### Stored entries
=======
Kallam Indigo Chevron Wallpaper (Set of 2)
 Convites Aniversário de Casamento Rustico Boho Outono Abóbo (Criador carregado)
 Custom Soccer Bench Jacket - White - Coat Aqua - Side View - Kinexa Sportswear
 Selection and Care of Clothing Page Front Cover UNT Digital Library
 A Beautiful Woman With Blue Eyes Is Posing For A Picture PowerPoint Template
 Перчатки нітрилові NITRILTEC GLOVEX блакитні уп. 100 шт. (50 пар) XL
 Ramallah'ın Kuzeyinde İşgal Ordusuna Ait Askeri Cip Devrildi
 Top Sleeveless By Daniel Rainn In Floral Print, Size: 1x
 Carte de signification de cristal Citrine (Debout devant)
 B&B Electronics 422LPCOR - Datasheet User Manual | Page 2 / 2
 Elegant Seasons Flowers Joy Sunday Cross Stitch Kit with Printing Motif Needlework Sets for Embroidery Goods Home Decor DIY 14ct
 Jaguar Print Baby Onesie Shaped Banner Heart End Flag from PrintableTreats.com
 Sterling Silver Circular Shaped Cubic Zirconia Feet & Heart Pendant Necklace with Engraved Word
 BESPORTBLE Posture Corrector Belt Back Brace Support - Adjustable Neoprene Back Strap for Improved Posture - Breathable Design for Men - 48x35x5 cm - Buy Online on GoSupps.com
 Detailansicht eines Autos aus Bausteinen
=======
### YOUR TASK
Please transcribe the data above without changes, from its first line to its "Custom Soccer Bench" line, and leave out anything past that.

### SOLUTION TO THE EXERCISE
Kallam Indigo Chevron Wallpaper (Set of 2)
 Convites Aniversário de Casamento Rustico Boho Outono Abóbo (Criador carregado)
 Custom Soccer Bench Jacket - White - Coat Aqua - Side View - Kinexa Sportswear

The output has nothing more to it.